Fanny, the eldest, kept house and did the cooking. Carrie and Lottie, the twins, worked respectively in Henocksburg’s and F. J. West’s millinery stores on South Salina Street. Tracy, the youngest, taught the eighth grade in Croton School.
Aunt Fanny, who was of that breed of women known as “a perfect saint,” had the hardest time of it, since she was home all day with Grandpa, but she did the best she could. She was quite hard of hearing, and this helped a good deal, especially when the old man got to brooding on her and her sisters’ unwed and unwanted state. At such times, sitting in the rocker by the back parlor window, he would begin by muttering under his breath, getting louder and bitterer by the minute until his volume control was full up, and you could hear him clear out to East Genesee Street. At this, Aunt Fanny in the kitchen would cup her hand behind her ear, drop whatever she was doing, and come running in.
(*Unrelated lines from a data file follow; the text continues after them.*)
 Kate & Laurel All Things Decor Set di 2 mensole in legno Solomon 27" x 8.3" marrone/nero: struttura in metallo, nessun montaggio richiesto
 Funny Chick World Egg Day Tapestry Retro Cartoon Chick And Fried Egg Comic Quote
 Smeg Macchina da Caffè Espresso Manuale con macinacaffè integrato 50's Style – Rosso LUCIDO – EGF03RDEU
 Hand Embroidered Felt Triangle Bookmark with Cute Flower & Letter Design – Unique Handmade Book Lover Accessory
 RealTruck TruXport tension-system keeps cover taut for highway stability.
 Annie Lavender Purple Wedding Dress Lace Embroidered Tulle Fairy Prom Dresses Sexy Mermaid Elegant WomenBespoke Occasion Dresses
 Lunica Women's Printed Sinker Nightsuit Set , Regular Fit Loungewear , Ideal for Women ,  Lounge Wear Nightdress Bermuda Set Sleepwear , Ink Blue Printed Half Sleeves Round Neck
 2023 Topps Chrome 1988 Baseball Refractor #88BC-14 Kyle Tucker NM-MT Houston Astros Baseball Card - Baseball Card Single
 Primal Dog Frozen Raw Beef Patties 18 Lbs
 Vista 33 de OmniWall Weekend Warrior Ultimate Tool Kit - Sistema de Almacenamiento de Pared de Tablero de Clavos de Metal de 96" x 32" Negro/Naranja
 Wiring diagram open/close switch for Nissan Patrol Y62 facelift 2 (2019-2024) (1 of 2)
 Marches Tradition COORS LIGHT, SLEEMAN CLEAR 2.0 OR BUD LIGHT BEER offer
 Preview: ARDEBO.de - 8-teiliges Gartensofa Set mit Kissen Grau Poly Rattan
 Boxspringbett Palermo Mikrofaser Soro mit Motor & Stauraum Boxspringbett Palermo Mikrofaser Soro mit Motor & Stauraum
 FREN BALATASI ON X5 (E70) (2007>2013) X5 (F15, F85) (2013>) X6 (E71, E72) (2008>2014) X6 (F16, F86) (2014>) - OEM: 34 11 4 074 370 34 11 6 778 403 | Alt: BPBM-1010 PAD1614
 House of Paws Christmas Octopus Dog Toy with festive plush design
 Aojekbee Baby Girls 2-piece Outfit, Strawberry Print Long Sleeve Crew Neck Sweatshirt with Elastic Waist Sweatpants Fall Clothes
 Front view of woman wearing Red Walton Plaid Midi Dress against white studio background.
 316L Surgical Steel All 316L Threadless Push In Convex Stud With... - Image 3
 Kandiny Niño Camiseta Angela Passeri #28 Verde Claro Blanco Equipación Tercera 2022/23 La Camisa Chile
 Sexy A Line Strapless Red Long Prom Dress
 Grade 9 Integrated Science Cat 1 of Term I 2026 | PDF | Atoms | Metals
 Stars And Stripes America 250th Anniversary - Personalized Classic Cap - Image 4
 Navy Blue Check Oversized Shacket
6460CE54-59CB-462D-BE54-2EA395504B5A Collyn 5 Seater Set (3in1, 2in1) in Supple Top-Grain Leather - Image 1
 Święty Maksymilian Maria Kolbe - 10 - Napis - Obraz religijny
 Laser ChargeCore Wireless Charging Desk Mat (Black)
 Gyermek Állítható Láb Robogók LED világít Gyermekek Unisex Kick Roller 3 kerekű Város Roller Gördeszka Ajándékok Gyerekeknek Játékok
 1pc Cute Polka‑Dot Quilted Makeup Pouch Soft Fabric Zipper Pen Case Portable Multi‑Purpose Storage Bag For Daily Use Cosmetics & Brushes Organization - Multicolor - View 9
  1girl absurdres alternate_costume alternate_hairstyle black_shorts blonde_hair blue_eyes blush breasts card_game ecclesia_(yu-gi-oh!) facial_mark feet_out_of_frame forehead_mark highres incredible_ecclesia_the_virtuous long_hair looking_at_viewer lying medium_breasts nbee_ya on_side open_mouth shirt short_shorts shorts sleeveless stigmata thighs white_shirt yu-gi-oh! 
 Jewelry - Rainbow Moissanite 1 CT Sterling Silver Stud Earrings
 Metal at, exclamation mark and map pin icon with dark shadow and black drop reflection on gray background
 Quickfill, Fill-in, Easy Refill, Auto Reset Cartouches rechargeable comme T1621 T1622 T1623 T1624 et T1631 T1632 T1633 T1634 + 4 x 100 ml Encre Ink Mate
“Did you call me, Pa?” she would ask.
Grandpa would answer in the voice of one who is standing on one Alp and hailing a buddy on another.
“Dumme Bahama!” he would bellow. “Get me GLA-JUT.”
Aunt Fanny would trot over to the sectional bookcase and take down that volume of the Encyclopaedia Britannica. Grandpa would snatch it and subside, breathing fire and flame.
The encyclopaedia was his fountain and his shrine, his refuge and his escape. Hunched over in the leather rocker, the volumes piled up at his feet, he would read, chuckle to himself, mutter, call on his God, and read again.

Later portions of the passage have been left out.